Most natural green diamonds will be on the upper end of the value scale. The prices of green diamonds are similar to those of pinks. Pure green diamonds are so rare in nature that very seldom will the value of a green slide down the scale. 

 

What makes a diamond green? 

 

Green colour in diamonds is caused by vacancies within the crystal structure which are created when carbon atoms are dislocated by high speed atomic particles. Radiation, either natural or artificial, can cause this effect, although it only penetrates a short distance into the stone, giving it a green skin.

This ‘vacancy’ causes a vibronic colour centre, which absorbs light from the red area of the spectrum, with the notable line being at 741nm. However, some natural diamonds possess a bottle green colour which isn’t associated with any known colour centre.  

 

The visibility of a green hue suggests that a diamond has spent a few million years being bombarded by radioactive materials (note that hydrogen may also be the cause in some yellowish-green stones). The reason that a true green diamond is so valuable is that radiation does not usually affect the entire gem. This means that most green diamonds are only green on the surface. Their beauty is therefore considered as skin deep.  If the green colour of a diamond is only skin deep, the green colour may disappear under the slightest of changes and is likely to disappear during the faceting process.  However, if the diamond has been through barrages of beta and gamma rays as well as neutrons and remained green, the chances are that its green beauty comes from within.

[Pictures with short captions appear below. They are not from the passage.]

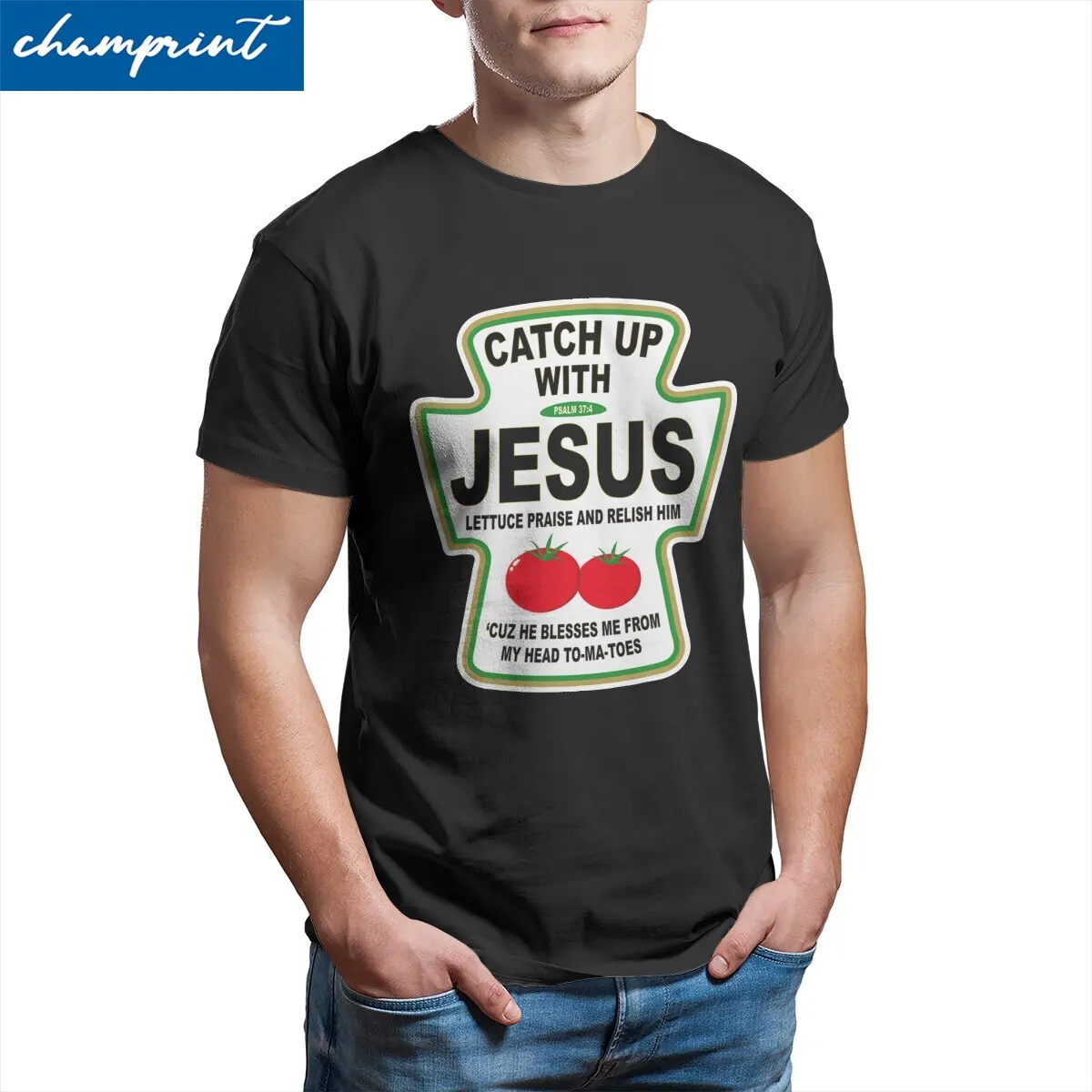 Christian Catch Up With Jesus Ketchup Men's T Shirt Christ Religion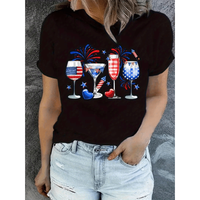 fourth of july womens patriotic american flag graphic t shirt short sleeve crew neck celebration exploding fireworks and cock...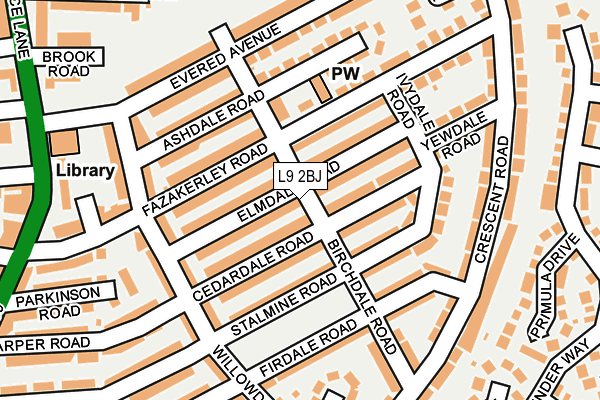 L9 2BJ map - OS OpenMap – Local (Ordnance Survey)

In these rare instances, it will still look green regardless of the cutting and polishing process. Most stones in the green family come from Brazil, Venezuela and Zimbabwe. Natural green diamonds are extremely rare and desirable. The beauty of these gems has spawned unprecedented desire and unparalleled prices among collectors and connoisseurs. 

 

When processed, most of the stones that appear green in nature end up as white diamonds or light yellow diamonds (sometimes referred to as silvery Capes).  If a brown coloration patch appears naturally in a green diamond, the GIA recommends that the patches be left visible because they indicate that the diamond is ''naturally'' green and has not undergone any irradiation treatment such as artificial colouring. Hence, the brown patch does not affect the price of the stone in any way. 

 

Like all natural coloured diamonds, green diamonds are often graded as having colour modifiers. Bluish-green, yellow-green and blue-green are just some of the combinations recorded. However, traces of grey, yellow or brown in a green diamond can result in a significant price drop.    

 

A pure green colour diamond can be found with eight different colour intensity grades. These are faint green, very light green, light green, fancy light green, fancy green, fancy intense, fancy vivid, and fancy deep. Green colour diamonds can be found with a single, pure colour, but most often contain one or even two secondary hues. The various overtone colours of a green diamond are yellow, yellowish, blue, bluish, brown, brownish, grey, greyish, grey-yellowish, and greyish yellowish.